*** INPUT DATA ***
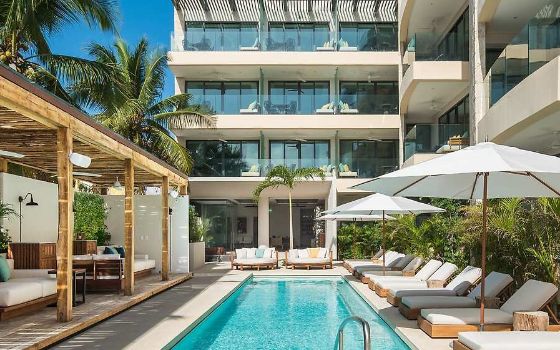 americanexpress-the-hotel-collection-stagestatic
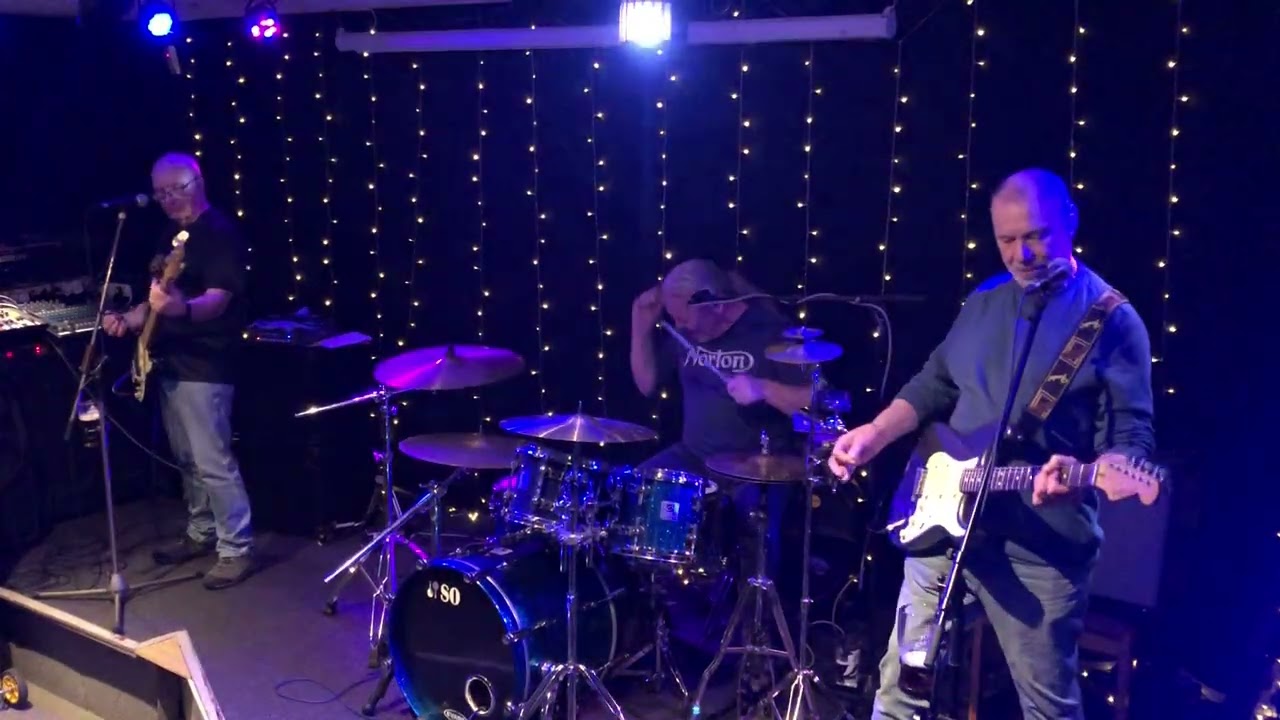 Red Rock at The Ashton Jubilee Club 23/1/26 ( Crosstown Traffic )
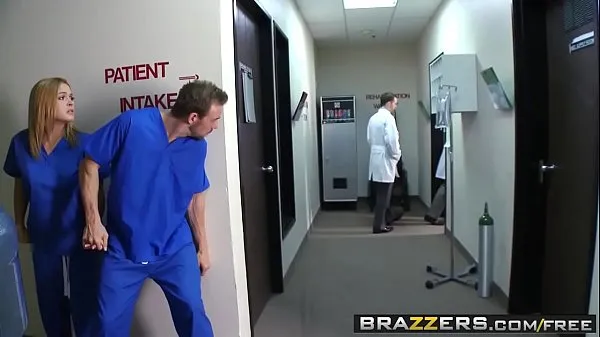 ภาพยนตร์ดีๆ Brazzers - Doctor Adventures - Naughty Nurses scene starring Krissy Lynn and Erik Everhard เรื่องใหญ่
*** End of INPUT DATA ***
> WHAT IS REQUIRED
After removing the pictures, transcribe the listing above exactly.

> TASK RESULT
 americanexpress-the-hotel-collection-stagestatic
 Red Rock at The Ashton Jubilee Club 23/1/26 ( Crosstown Traffic )
 ภาพยนตร์ดีๆ Brazzers - Doctor Adventures - Naughty Nurses scene starring Krissy Lynn and Erik Everhard เรื่องใหญ่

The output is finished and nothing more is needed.